Redefining Health Care, Revisited

Published April 3, 2008

In May of 2006–almost two years ago–Michael Porter and Elizabeth Tiesberg released a watershed book that, for the first time, explained clearly and comprehensively just what ails the U.S. health care system. There are two central reasons, Redefining Health Care explains, why competition hasn’t brought the same benefits to the greater health care system that it bestows on Lasik and cosmetic surgery.

First, patients need cost and quality data so they can vote with their wallets for the providers that offer the greatest value. Second, health care delivery should be centered on the medical condition instead of discrete procedures or academic areas of study. The authors said they believed the redefinition of health care was not only possible but already underway.

Since the book’s release, health care has become increasingly top-of-mind for Americans. Common topics on the evening news have ranged from HSAs to SCHIP, and from Michael Moore to Nataline Sarkisyan. Each of the presidential candidates has a plan to reform the system.

Unfortunately, few have taken advantage of the blueprint laid out by Porter and Tiesberg two years ago.

Valuable Information

The dearth of available information about the cost and quality of health care, Porter and Tiesberg argued, is one of the biggest obstacles to healthy competition in the sector. In fact, they said, “Mandatory measurement and reporting of results is perhaps the single most important step in reforming the health care system.” So, are we any closer to readily available results information?

Yes and no. What passes for data on quality gets more attention today than ever before. Many health insurance companies now have a way to indicate the providers (in their networks) that, according to the insurers’ data, deliver high-quality care. A growing number of providers now tout their own quality credentials. An unscientific sample of the hospitals in my home state found three in 10 offer at least some information about awards and accreditations. And Medicare is more attuned than ever to paying for performance.

But the definitions of “quality” and “performance” are critical–and often botched. Porter and Tiesberg warned against the temptation to substitute process for outcome when measuring the quality of health care. It’s certainly easier to determine whether a particular standard process is followed in treating patients than it is to measure (with appropriate risk adjustments) the outcome of the treatment. The problem with measuring adherence to procedures is that it limits–and often penalizes–innovation. Unfortunately, the information available to consumers today still tends to focus on process rather than results. The mandatory measurement and reporting of results that Porter and Tiesberg so strongly advocated has not come to pass. In fact, the Bush administration has fought pressure to release Medicare data that could be helpful in rating physicians’ results.

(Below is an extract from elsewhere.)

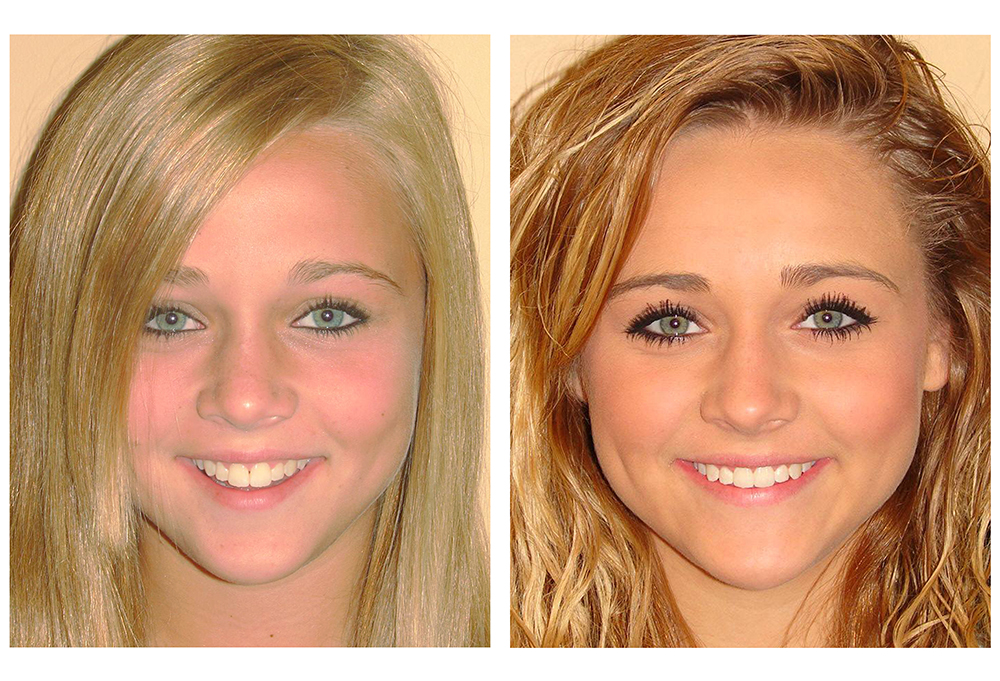 Dental Smiles of Joliet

As for cost information, the industry has made major strides in the past two years. At least one major payer recently introduced real-time claim adjudication, so patients can know and pay their share of the bill while at the doctor’s office. Even better, tools such as Alegent Health’s My Cost allow patients to accurately estimate their out-of-pocket costs in advance. My informal poll of hospitals in my state found that two of the 10–part of the Alegent family–offered online cost estimates, and two others at least offered a phone number one can call to obtain an upfront estimate.

The increasing prevalence of pricing tools such as these, combined with the growth of quality information, is making it possible for some patients to shop for health care value.

Unconditional Care

The other big obstacle to properly functioning health care competition, Porter and Tiesberg illustrated, is that delivery is focused on discreet procedures (such as dialysis) instead of medical conditions (e.g., diabetes). Very little new progress has been made in this area. It’s impossible to be at all times abreast of all innovations as they occur, but even so, only a few isolated, anecdotal examples of new players or innovative practice models come to mind.

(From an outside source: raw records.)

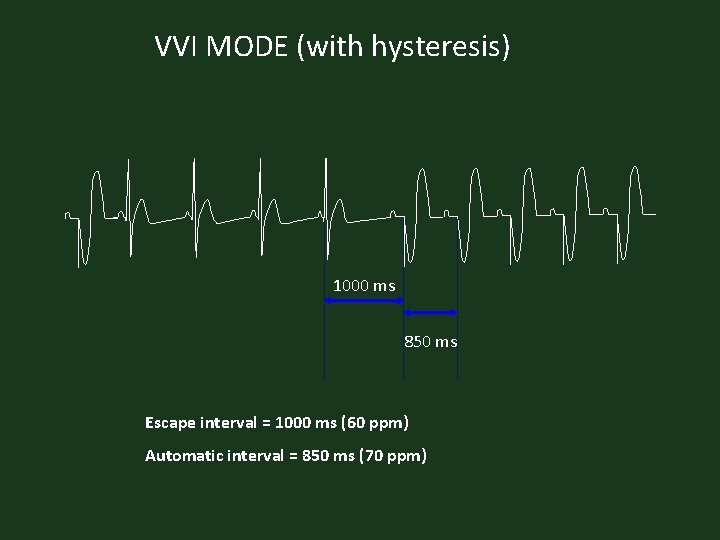 VVI MODE (with hysteresis) 1000 ms 850 ms Escape interval = 1000 ms (60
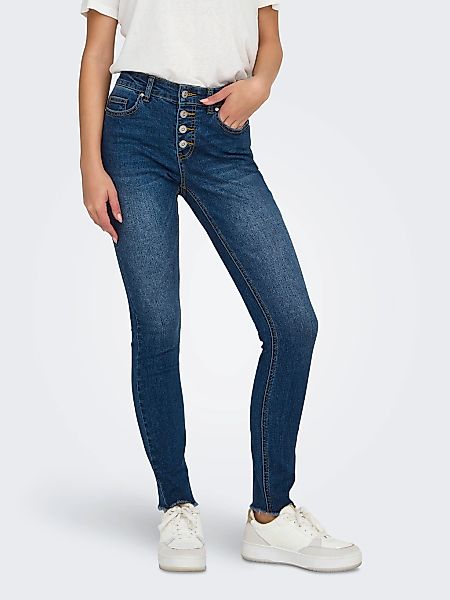 ONLY Skinny-fit-Jeans "ONLMIA MID WAIST BUTTON SK RW ANK BOX" günstig online kaufen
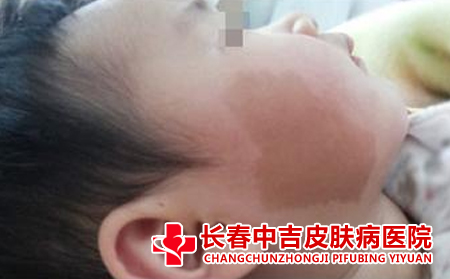 胎记对患者的危害表现在哪些方面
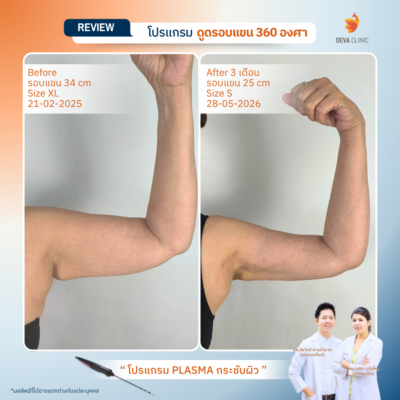 รีวิวผลลัพธ์หลังทำ ดูดไขมันกระชับผิว ราคา 15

Other innovations are taking place in the health care market that the Redefining authors expressly welcomed or at least indirectly prescribed. Some notable examples are:

  • Firms such as are making it much easier for consumers to shop intelligently for health care, just as they do for other services.
  • Physicians are offering level payments and package pricing for some of their basic primary care services.
  • Health plans are beginning to measure their members’ health.
  • Some insurance companies are experimenting with new, low-cost plans that offer a measure of affordable coverage to younger, healthier consumers.
  • Medical Justice has created a solution that helps physicians avoid the cost and distraction of frivolous malpractice suits.

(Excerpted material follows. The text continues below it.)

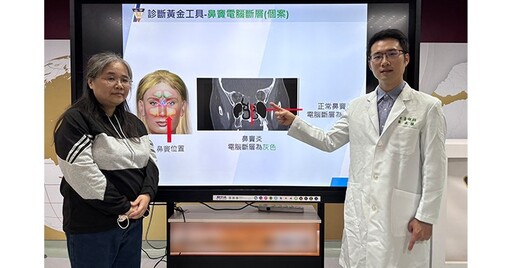 單側頭痛、眼睛痛，竟是鼻竇腫瘤惹禍！3D鼻竇導航手術解除大患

The Next Two Years While we don’t know exactly what the next two years will bring, we can count on the continuation of three trends:

Innovation — A market so big ($2 trillion) and so broken will continue to attract entrepreneurs and capital.

Regulatory Scrutiny — The pressure on the system to reduce costs and improve quality is causing participants to try new and often-bold solutions–the kind that often attract the attention of attorneys general and insurance commissioners.

Change — With health care already receiving much attention in the presidential campaign, we don’t know whether free-market principles will be embraced or rejected over the next two years, but one thing is certain: The system won’t look the same two years from now.

William Snyder is a senior manager at a major diversified health care company.